Em Pernambuco, a candidatura de Elaine da Silva, que integra a coletiva Pretas Juntas é a aposta do Estamos Prontas. Elaine é uma articuladora da RENFA (Rede Nacional de Feministas Antiproibicionistas) e ocupa a vereança na cidade de Recife onde conduz um debate público a respeito das consequências da chamada guerra às drogas.
Precisamos de novas políticas, verdadeiramente revolucionárias e centradas no bem viver. Mas como diz Anielle Franco, além de eleger, precisamos proteger essas mulheres em espaços políticos, já que em decorrência de seus mandatos as denúncias de ameaça são constantes, mas também em espaços privados. Segundo o 16º Anuário Brasileiro de Segurança Pública, publicado dia 02 de agosto de 2022, mesmo havendo uma queda de 1,7% na taxa de feminicídios, a desproporção segue sendo altíssima entre negras e brancas, onde 37,5% das são brancas e 62% são negras e nas demais mortes violentas intencionais, o número de negras chega a 70,7% e 28,6% são brancas.
Além do fator racial que chamamos a atenção, os dados sobre a autoria da violência são intrigantes.
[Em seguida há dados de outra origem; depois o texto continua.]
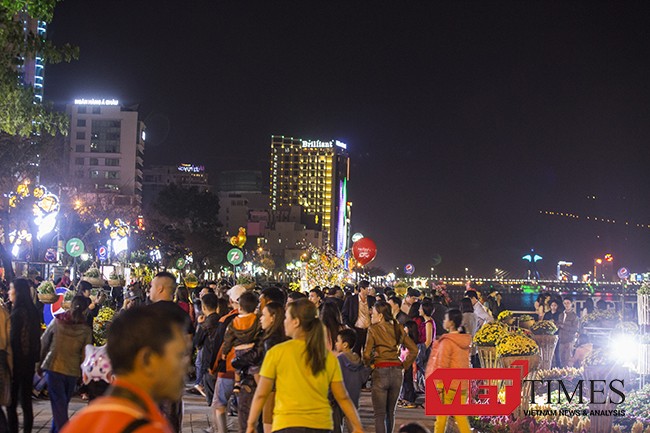 VietTimes, Tết cổ truyền, Đinh Dậu, đêm 30 Tết, Đà Nẵng, Bí thư, Nguyễn Xuân Anh, lung linh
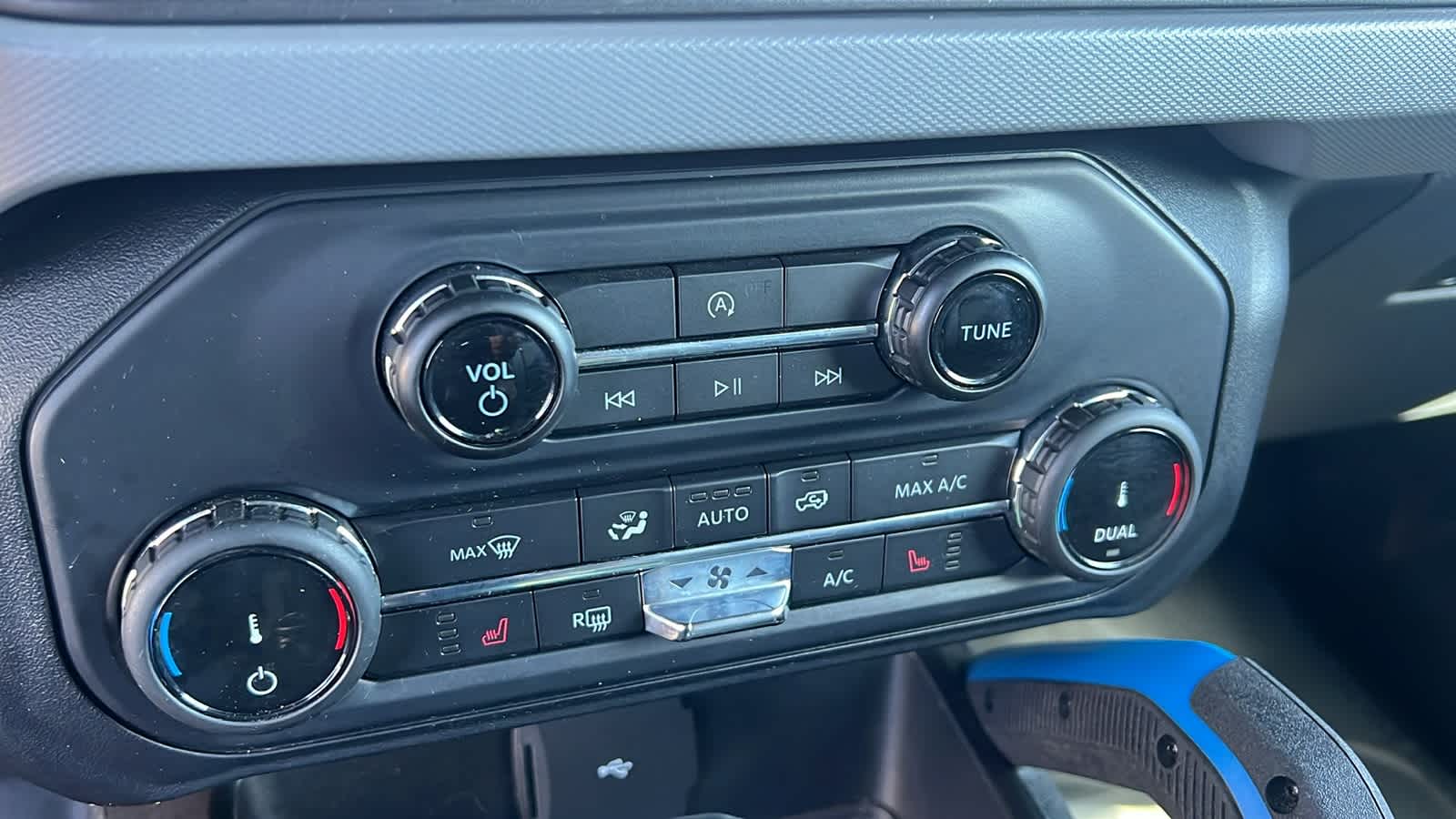 Thumbnail: 2022 Ford Bronco - 14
Ainda segundo o Anuário, "dos feminicídios, contudo, o principal autor é o companheiro ou ex-companheiro da vítima (81,7%)”, demonstrando uma notória vulnerabilidade feminina em relação a seus parceiros e em espaços privados.
É papel de cada cidadão defender a segurança e a liberdade de expressão, pois são elementos de sustentação de qualquer democracia. Estamos prontas para assumir essa posição nas casas legislativas, mas contamos com cada um de vocês para manter nossa esperança e nossa dignidade na vida. Nos confiando não apenas seus votos, mas também o futuro da democracia.